Last month, Saddam Hussein's No. 2 Air Force officer, Georges Sada, told the New York Sun Iraq's weapons of mass destruction were moved to Syria six weeks before the war started. Sada claimed two Iraqi Airways Boeing jets converted to cargo planes moved the weapons in a total of 56 flights. They attracted little attention, he said, because they were thought to be civilian flights providing relief from Iraq to Syria, which had suffered a flood after a dam collapse in 2002.

Discussing Saddam's support of terrorism, al-Tikriti said the dictator's regime sponsored Palestinian groups with logistical and material support.

For a time, support for al-Qaida was limited, the former general said, mainly because al-Qaida's aim was to create an Islamic empire while Saddam wanted a secular Arab nationalist empire.

"They only really came to terms in the mid '90s due to the fact that both knew they shared the same short-term enemy," the general said. "Once they came to terms on this, Saddam provided al-Qaida with intelligence support and whatever money or munitions they could provide."

Al-Tikriti said Saddam "had very long-standing contacts in the black market as well as with Moscow and would provide whatever munitions he could through these contacts."

The secular Baathists and radical Islamists certainly are able to put aside their differences to cooperate against the U.S., he insisted.

"If you look in Iraq today, you are witnessing Arab nationalist terrorist organizations and Islamist terrorist organizations working together to fight the United States."

Al-Tikriti dismissed the commonly heard claim that the U.S. helped bring Saddam to power, calling it "absolutely ludicrous."

The Baathist revolution, he said, was backed by the Soviet Union because of the shared socialist ideology.

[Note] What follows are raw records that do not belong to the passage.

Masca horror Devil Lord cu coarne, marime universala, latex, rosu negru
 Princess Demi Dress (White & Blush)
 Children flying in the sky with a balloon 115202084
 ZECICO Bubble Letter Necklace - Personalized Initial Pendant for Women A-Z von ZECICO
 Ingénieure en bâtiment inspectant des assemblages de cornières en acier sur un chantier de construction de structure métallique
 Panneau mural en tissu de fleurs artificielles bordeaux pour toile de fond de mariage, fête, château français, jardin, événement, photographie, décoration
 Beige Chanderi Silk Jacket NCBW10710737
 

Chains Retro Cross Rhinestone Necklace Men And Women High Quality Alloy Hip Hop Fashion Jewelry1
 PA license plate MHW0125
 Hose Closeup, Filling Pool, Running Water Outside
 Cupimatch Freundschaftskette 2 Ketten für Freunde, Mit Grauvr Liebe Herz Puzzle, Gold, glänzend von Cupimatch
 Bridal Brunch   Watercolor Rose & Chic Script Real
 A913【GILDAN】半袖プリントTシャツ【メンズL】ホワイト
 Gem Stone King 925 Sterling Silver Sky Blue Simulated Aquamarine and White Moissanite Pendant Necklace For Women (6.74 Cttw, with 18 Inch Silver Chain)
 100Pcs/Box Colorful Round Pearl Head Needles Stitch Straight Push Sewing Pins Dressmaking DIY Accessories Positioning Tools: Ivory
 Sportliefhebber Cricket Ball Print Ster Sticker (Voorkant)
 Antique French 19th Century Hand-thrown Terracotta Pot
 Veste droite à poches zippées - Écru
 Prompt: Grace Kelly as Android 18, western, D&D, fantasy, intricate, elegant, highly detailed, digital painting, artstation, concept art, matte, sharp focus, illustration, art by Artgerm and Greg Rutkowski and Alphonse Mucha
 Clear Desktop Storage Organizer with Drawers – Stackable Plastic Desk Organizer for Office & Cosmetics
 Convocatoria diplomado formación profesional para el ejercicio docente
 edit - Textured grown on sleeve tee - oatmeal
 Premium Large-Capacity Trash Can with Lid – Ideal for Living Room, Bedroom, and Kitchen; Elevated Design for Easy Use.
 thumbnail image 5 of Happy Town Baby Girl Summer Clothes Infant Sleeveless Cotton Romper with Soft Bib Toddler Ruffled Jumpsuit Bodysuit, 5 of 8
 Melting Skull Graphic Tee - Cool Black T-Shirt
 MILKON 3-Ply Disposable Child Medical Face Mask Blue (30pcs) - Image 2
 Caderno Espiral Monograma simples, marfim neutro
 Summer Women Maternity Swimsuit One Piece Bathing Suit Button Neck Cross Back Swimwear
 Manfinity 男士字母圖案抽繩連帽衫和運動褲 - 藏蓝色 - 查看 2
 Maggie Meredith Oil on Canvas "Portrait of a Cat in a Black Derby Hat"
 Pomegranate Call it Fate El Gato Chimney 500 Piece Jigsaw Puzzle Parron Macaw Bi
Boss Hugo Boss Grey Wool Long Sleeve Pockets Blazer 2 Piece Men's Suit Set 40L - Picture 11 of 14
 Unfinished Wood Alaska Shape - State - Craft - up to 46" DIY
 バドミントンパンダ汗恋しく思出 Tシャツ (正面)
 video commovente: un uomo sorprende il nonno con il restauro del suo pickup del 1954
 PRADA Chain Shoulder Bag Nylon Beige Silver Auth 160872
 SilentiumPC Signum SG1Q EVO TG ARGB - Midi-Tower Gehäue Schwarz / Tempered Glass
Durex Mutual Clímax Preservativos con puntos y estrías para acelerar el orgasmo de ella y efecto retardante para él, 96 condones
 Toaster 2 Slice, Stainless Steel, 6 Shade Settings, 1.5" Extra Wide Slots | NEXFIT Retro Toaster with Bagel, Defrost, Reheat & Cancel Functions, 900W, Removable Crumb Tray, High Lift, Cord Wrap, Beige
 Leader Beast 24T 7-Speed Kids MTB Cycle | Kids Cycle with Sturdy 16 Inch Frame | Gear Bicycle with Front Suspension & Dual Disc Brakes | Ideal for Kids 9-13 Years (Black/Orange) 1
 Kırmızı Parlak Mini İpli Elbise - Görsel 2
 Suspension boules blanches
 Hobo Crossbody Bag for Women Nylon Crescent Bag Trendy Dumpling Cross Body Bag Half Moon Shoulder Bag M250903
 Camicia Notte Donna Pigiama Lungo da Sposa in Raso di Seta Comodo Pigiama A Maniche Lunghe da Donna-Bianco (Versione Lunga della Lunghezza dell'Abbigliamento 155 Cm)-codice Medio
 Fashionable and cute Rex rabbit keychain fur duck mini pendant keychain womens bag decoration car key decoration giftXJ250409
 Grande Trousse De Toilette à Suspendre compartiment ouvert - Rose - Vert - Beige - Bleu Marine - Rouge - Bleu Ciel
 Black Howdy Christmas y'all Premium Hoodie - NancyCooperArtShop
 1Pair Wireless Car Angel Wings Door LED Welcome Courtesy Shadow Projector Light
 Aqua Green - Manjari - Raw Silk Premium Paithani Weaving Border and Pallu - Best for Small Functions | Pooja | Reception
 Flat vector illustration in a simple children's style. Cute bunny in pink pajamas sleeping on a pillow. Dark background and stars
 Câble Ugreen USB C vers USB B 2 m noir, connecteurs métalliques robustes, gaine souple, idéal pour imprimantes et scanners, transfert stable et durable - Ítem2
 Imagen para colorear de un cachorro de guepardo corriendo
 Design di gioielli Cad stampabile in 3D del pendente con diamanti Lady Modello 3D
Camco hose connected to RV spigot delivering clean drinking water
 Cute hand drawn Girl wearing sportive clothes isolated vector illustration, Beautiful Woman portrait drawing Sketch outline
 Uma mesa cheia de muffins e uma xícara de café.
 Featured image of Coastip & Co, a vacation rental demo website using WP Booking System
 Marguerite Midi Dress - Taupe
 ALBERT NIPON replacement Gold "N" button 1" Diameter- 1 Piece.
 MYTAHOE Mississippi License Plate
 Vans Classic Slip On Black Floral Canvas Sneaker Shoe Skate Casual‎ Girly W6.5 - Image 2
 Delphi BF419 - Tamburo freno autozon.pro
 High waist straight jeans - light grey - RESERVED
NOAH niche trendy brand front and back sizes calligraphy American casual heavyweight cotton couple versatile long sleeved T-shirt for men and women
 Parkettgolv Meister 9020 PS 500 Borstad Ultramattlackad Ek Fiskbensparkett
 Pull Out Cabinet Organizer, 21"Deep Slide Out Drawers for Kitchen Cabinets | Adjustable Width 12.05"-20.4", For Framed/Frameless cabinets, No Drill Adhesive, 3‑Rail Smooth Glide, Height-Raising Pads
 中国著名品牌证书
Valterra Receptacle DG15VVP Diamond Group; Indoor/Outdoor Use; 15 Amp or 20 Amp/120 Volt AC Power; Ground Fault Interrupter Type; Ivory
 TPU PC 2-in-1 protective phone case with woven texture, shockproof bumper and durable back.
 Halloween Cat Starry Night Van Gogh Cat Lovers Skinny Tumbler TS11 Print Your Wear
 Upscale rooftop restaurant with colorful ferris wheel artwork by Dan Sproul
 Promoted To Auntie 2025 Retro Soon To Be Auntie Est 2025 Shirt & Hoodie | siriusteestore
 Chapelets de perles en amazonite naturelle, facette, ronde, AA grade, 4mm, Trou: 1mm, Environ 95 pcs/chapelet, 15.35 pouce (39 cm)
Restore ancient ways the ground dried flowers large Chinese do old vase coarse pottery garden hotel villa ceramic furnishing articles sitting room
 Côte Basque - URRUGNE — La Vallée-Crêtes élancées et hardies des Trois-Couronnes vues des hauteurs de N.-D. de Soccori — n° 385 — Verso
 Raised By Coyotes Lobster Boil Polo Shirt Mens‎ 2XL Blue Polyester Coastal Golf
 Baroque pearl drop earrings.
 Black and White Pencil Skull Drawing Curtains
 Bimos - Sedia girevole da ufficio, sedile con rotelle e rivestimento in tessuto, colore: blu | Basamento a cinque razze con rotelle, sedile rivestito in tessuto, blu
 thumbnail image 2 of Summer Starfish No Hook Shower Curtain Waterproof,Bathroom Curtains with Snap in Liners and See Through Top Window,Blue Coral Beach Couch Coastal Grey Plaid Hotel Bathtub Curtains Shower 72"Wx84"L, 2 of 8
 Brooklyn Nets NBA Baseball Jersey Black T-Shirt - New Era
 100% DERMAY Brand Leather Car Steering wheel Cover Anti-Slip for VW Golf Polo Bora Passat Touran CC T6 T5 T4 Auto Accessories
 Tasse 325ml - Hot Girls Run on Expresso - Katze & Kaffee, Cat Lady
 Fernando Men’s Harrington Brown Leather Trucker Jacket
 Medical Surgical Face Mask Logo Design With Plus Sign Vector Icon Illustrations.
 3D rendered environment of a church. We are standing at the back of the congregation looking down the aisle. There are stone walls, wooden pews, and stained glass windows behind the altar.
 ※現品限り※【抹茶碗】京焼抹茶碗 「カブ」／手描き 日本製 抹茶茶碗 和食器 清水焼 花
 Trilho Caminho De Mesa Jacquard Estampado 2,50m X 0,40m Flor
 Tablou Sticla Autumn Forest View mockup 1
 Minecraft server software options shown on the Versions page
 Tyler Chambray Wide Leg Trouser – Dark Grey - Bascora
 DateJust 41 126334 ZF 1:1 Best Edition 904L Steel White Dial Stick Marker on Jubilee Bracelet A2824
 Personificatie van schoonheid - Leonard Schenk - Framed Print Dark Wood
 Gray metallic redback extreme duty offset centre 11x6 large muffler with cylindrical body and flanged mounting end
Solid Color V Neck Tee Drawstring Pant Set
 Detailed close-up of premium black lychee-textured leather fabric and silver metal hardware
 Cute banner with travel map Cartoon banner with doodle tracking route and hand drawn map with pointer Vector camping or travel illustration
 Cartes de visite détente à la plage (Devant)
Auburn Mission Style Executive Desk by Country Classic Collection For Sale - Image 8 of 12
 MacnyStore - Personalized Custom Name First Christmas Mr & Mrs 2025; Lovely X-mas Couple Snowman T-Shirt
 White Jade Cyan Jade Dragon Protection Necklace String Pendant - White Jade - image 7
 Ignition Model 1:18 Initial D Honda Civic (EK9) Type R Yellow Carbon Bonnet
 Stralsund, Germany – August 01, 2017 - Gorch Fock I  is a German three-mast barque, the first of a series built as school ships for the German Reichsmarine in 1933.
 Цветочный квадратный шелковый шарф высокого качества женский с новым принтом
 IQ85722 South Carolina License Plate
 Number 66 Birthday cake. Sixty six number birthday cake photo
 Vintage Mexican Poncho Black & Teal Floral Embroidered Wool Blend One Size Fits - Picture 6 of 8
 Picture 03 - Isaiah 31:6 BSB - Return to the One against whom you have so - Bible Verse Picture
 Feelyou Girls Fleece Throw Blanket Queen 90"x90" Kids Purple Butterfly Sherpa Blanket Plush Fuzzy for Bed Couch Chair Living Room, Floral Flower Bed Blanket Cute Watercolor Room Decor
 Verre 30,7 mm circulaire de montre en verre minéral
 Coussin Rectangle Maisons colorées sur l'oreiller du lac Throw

"I was there helping with the revolution and worked on two occasions with Soviet KGB officials to help train us, much like the United States did with the Taliban during the Soviet campaign in Afghanistan," he said. "The United States never directly gave us any WMDs but rather ingredients. They were not mixed and these 'ingredients' could have been easily used for commercial use but were rather used to build low life chemical weapons."

Al-Tikriti says he knows Saddam's weapons are in Syria because of contingency plans established as far back as the late 1980s, in the event either Damascus or Baghdad were taken over.

"Not to mention, I have discussed this in-depth with various contacts of mine who have confirmed what I already knew," he said.

Saddam, after lying for so many years, knew the U.S. eventually would come for the weapons, he said, and wanted to maintain legitimacy with pan-Arab nationalists.

Also, he had "wanted since he took power to embarrass the West, and this was the perfect opportunity to do so," al-Tikriti said.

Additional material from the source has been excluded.